Print the listing below exactly, minus its pictures.

[Information supplied — start]

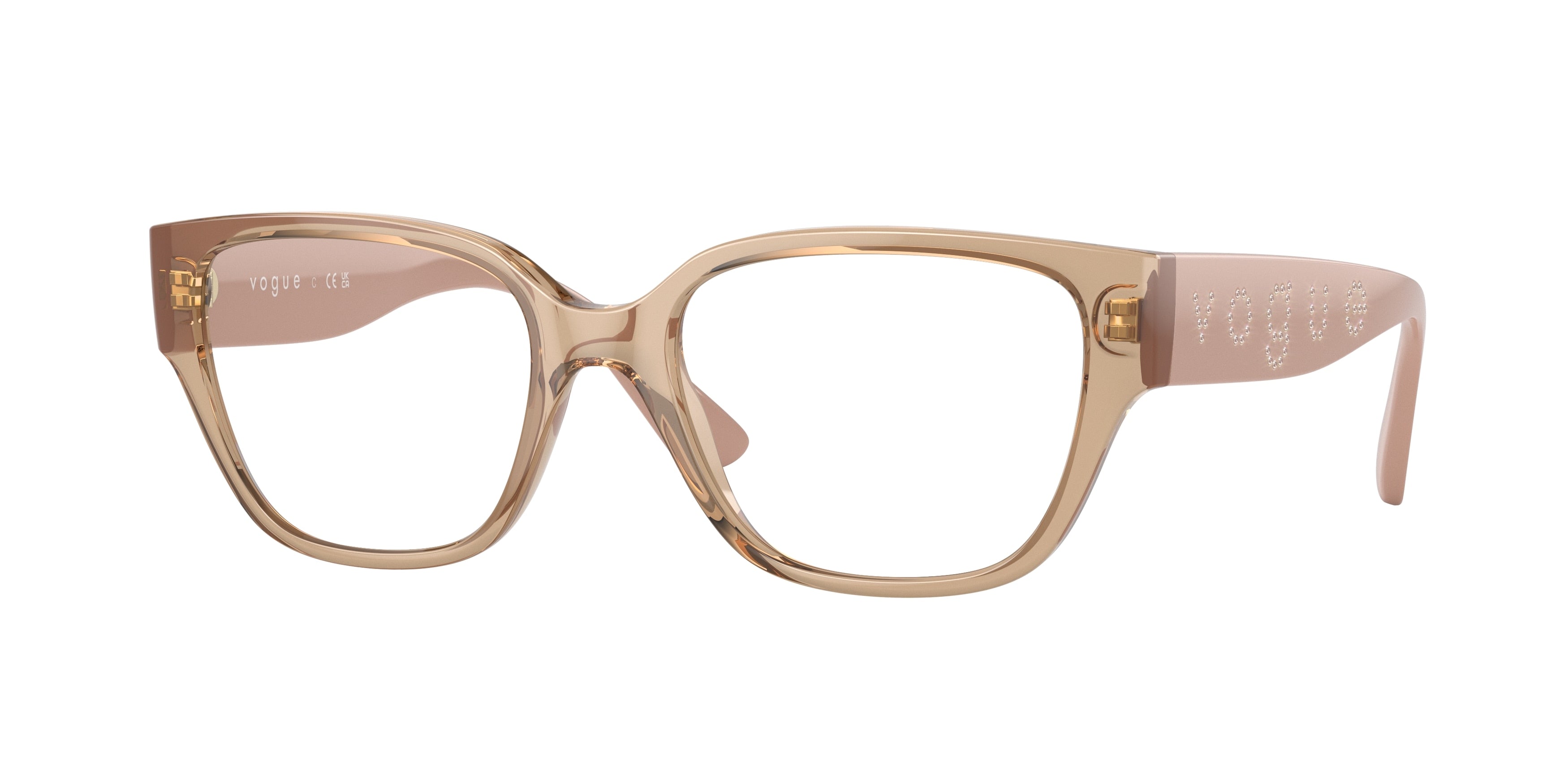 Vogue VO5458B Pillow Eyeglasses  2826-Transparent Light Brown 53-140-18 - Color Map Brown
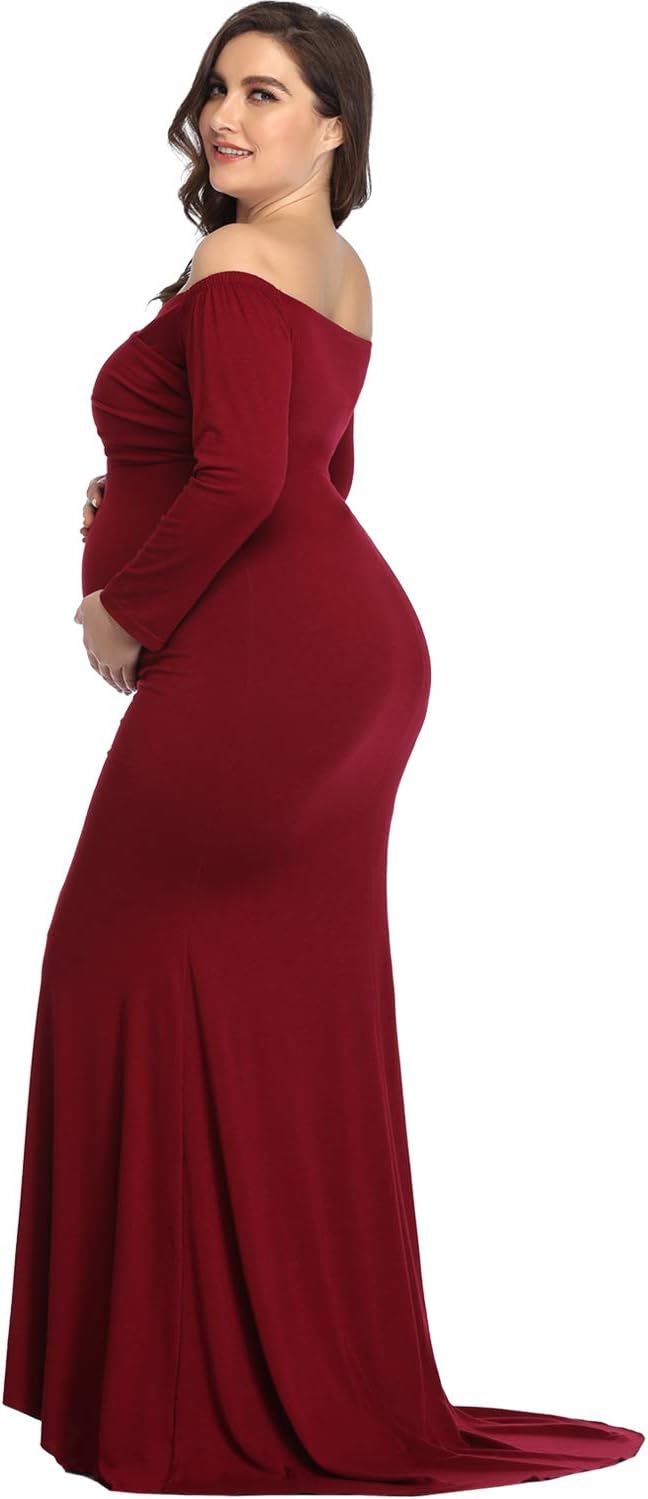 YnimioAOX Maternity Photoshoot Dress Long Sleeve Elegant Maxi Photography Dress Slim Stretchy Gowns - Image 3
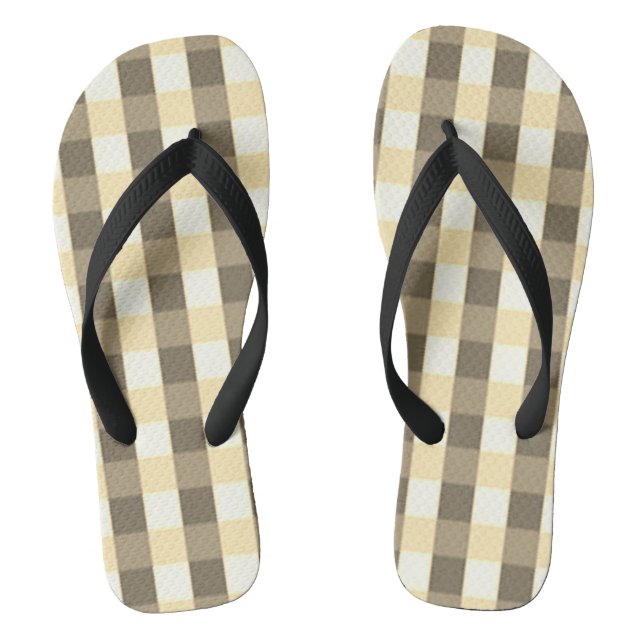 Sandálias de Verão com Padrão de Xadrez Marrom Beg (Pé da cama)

[Information supplied — finish]

*Final answer*
 Vogue VO5458B Pillow Eyeglasses  2826-Transparent Light Brown 53-140-18 - Color Map Brown
 YnimioAOX Maternity Photoshoot Dress Long Sleeve Elegant Maxi Photography Dress Slim Stretchy Gowns - Image 3
 Sandálias de Verão com Padrão de Xadrez Marrom Beg (Pé da cama)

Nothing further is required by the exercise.